PROMPT: Please restate word for word, and with nothing added, the lines that run from the one holding "مصباح طاولة لاسلكي للمقاهي والمطاعم" to the end of the entries below.

Source records
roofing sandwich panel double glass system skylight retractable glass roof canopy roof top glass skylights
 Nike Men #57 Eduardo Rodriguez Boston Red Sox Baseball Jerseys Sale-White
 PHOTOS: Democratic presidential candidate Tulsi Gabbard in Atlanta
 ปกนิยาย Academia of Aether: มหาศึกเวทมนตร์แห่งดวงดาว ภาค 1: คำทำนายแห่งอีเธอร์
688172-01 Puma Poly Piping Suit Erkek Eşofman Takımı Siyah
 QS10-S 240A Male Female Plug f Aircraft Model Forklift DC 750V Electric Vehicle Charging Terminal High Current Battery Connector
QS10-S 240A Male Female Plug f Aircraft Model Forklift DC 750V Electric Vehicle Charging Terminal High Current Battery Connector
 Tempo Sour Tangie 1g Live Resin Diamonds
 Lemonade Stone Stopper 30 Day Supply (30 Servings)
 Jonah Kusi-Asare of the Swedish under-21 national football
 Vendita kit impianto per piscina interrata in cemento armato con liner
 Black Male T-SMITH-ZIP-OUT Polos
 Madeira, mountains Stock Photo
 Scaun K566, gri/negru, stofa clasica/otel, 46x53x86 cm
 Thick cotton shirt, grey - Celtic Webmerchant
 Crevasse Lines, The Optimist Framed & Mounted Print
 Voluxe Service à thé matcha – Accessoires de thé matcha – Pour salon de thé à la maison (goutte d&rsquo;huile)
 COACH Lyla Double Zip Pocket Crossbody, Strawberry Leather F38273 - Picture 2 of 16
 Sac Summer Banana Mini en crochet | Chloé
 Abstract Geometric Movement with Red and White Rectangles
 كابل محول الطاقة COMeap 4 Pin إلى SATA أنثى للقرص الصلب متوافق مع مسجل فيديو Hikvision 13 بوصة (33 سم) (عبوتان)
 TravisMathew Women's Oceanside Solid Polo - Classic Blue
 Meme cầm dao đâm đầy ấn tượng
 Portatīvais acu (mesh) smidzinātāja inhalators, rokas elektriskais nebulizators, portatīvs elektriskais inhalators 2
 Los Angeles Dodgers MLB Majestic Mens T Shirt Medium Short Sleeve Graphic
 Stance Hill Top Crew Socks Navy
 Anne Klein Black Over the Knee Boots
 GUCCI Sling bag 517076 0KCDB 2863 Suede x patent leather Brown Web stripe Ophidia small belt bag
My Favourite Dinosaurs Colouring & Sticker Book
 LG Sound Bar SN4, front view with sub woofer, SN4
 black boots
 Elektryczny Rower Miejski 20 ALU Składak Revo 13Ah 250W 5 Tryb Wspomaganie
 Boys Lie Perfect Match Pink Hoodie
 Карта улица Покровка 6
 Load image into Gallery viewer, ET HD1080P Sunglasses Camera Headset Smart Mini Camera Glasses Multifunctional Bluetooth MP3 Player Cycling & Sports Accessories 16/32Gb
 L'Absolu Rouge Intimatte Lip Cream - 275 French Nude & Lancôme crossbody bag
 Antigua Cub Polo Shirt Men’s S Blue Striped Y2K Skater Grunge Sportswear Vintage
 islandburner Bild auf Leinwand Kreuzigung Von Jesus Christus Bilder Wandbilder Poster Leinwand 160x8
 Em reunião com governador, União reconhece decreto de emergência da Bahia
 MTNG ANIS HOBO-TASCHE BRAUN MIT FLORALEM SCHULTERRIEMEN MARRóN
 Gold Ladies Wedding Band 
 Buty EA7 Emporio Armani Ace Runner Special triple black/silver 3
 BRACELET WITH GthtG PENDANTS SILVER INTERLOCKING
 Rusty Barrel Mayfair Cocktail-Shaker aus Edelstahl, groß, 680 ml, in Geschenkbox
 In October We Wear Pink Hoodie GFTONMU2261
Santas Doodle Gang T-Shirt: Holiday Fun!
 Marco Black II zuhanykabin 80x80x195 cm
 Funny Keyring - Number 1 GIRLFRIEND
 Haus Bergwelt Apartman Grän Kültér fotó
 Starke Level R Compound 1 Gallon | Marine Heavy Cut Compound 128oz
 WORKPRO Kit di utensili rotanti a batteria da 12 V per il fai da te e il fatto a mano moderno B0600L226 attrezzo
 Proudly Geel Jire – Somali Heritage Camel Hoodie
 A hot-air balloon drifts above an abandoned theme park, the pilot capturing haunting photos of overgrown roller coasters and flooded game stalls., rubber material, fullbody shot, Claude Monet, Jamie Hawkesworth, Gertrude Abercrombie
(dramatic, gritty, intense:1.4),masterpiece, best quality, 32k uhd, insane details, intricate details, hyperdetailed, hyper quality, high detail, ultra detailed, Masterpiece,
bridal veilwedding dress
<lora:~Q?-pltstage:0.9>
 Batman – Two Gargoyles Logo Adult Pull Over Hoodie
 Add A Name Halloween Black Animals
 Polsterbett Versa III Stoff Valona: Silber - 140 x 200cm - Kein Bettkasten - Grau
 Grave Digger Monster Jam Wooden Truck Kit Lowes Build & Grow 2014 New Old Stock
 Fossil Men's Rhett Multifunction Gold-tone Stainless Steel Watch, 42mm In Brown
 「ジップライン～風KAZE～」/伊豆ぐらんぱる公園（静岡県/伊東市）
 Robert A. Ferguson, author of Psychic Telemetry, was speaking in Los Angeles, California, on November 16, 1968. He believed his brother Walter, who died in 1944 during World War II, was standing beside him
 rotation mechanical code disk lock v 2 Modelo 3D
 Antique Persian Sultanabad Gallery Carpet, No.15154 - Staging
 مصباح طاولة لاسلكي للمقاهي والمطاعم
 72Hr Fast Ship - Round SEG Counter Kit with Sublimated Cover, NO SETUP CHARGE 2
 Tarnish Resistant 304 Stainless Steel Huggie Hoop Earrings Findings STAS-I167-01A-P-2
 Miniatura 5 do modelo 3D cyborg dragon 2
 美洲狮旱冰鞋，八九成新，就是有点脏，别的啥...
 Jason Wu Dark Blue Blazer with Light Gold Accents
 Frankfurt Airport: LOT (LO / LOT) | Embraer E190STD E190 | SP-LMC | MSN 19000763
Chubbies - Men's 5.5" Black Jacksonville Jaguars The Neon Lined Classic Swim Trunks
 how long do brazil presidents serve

RESULT FOR THIS TASK:
 مصباح طاولة لاسلكي للمقاهي والمطاعم
 72Hr Fast Ship - Round SEG Counter Kit with Sublimated Cover, NO SETUP CHARGE 2
 Tarnish Resistant 304 Stainless Steel Huggie Hoop Earrings Findings STAS-I167-01A-P-2
 Miniatura 5 do modelo 3D cyborg dragon 2
 美洲狮旱冰鞋，八九成新，就是有点脏，别的啥...
 Jason Wu Dark Blue Blazer with Light Gold Accents
 Frankfurt Airport: LOT (LO / LOT) | Embraer E190STD E190 | SP-LMC | MSN 19000763
Chubbies - Men's 5.5" Black Jacksonville Jaguars The Neon Lined Classic Swim Trunks
 how long do brazil presidents serve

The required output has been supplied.